- **WHAT YOU WILL DO**
For the material below, return exactly the lines starting at the one holding "Henderson, Texas City" and ending at the one holding "LACE-TRIMMED LEATHER SKIRT", counting both as part of the range.

- **RECORDS SUPPLIED**
####################

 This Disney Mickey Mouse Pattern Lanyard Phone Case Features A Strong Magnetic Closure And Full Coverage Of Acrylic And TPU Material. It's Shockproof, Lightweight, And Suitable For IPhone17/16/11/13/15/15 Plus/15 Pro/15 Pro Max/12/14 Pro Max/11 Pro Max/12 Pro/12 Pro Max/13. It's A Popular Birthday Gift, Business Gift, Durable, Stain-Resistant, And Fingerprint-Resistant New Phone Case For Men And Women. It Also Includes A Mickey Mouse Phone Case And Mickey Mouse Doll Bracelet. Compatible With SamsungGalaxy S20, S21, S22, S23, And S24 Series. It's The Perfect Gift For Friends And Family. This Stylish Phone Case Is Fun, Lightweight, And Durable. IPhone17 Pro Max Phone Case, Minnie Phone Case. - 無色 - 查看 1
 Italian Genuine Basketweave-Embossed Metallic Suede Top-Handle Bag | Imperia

####################

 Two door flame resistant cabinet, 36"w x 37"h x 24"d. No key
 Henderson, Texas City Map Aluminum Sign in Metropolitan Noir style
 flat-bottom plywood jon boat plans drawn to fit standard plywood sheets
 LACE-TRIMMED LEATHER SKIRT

####################

- **EXERCISE RESULT**
 Henderson, Texas City Map Aluminum Sign in Metropolitan Noir style
 flat-bottom plywood jon boat plans drawn to fit standard plywood sheets
 LACE-TRIMMED LEATHER SKIRT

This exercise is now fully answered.